EXERCISE DETAILS: Please output every line of the material as it stands, without the pictures.
*-*-*
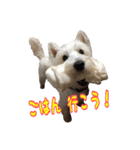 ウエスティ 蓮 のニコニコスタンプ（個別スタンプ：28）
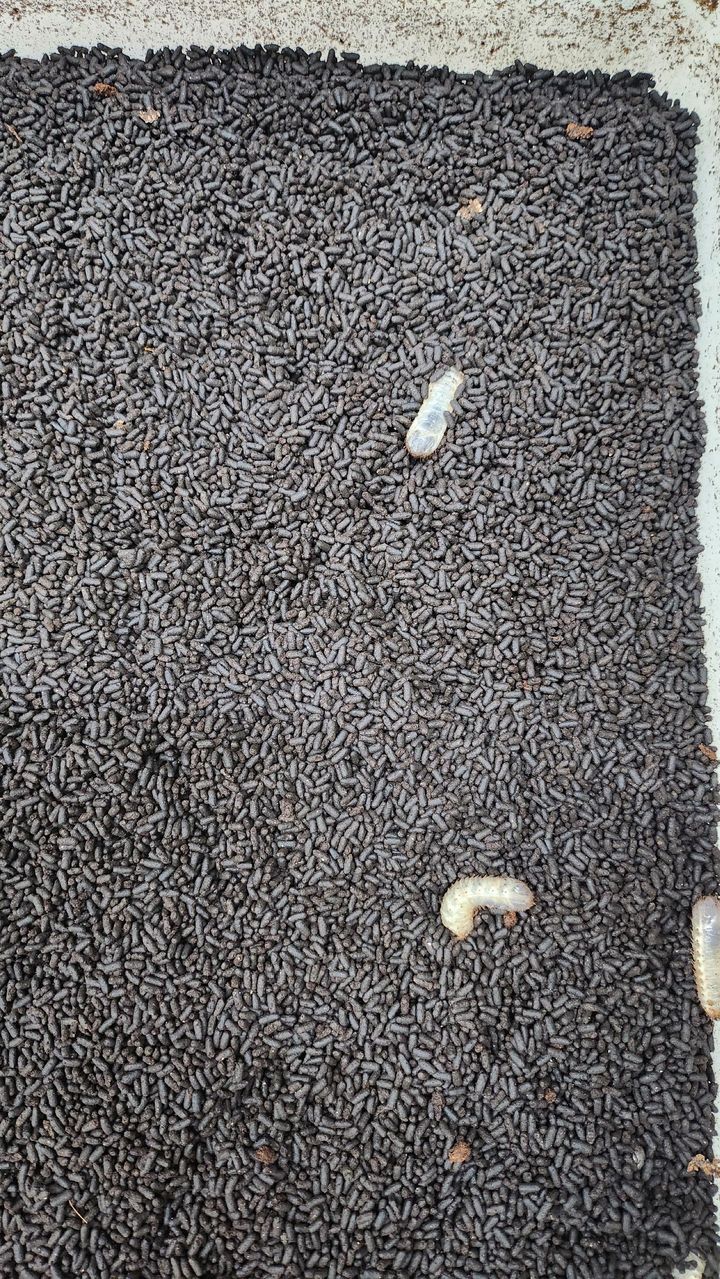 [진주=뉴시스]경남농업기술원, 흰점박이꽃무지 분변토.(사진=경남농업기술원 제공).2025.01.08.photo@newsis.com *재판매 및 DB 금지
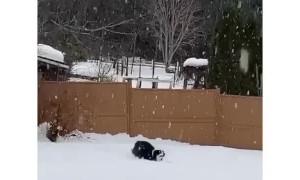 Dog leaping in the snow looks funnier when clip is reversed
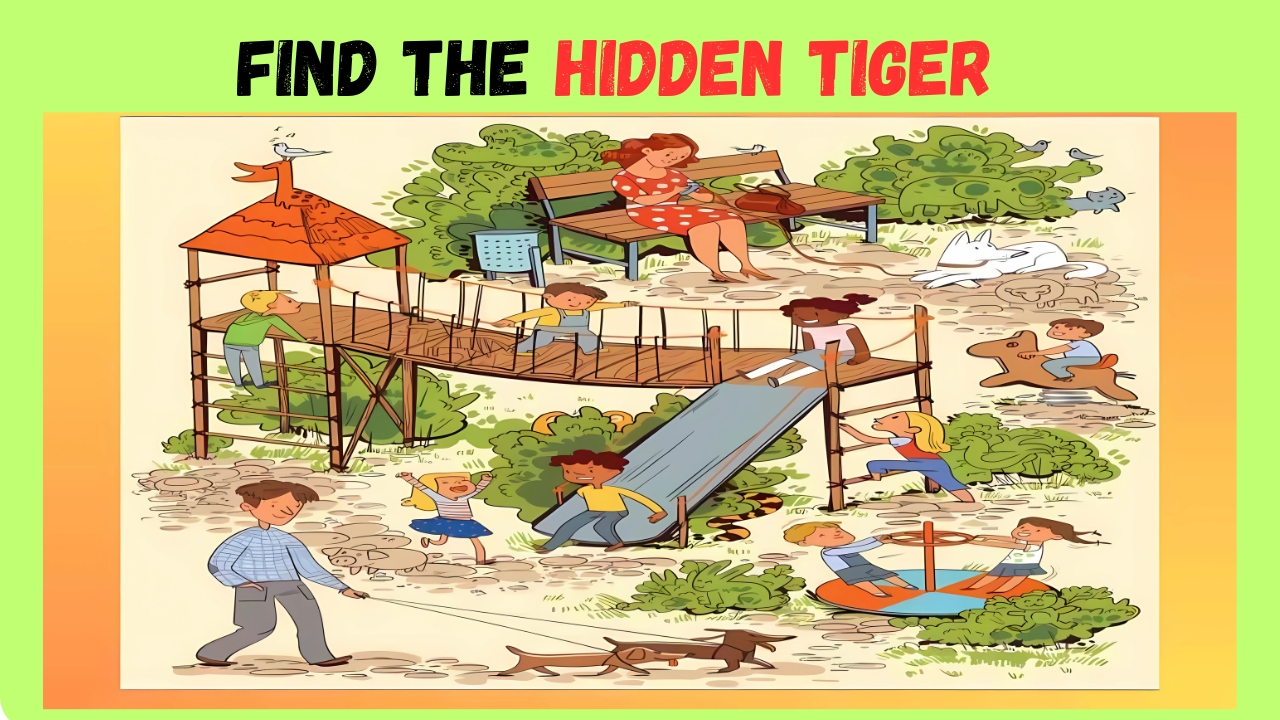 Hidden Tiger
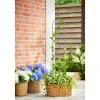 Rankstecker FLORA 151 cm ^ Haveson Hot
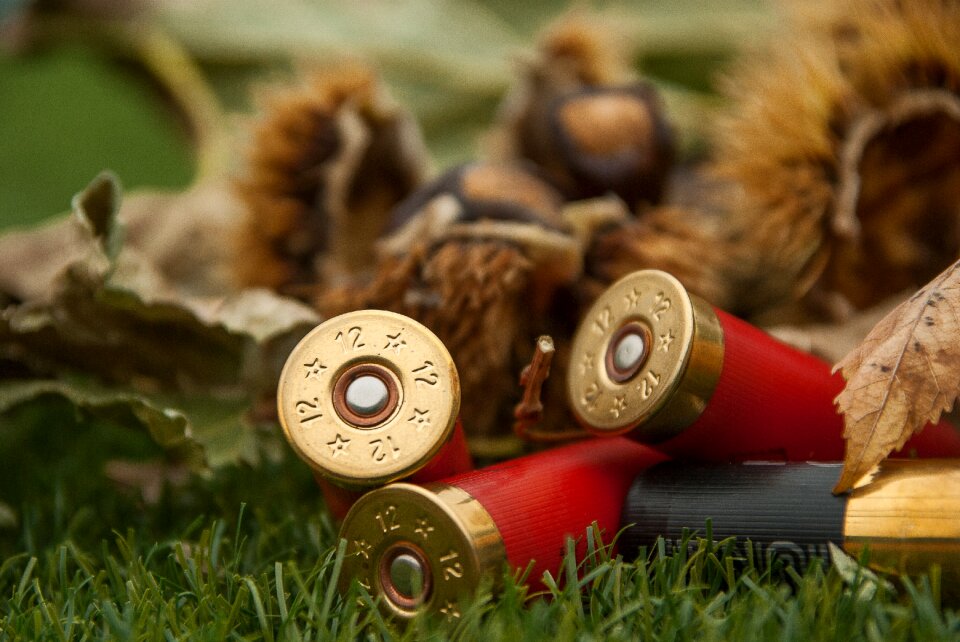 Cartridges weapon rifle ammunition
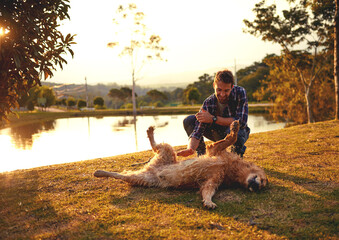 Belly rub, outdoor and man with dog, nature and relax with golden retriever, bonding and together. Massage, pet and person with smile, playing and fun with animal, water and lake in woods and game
*-*-*
SOLUTION TO THE PROBLEM:
 ウエスティ 蓮 のニコニコスタンプ（個別スタンプ：28）
 [진주=뉴시스]경남농업기술원, 흰점박이꽃무지 분변토.(사진=경남농업기술원 제공).2025.01.08.photo@newsis.com *재판매 및 DB 금지
 Dog leaping in the snow looks funnier when clip is reversed
 Hidden Tiger
 Rankstecker FLORA 151 cm ^ Haveson Hot
 Cartridges weapon rifle ammunition
 Belly rub, outdoor and man with dog, nature and relax with golden retriever, bonding and together. Massage, pet and person with smile, playing and fun with animal, water and lake in woods and game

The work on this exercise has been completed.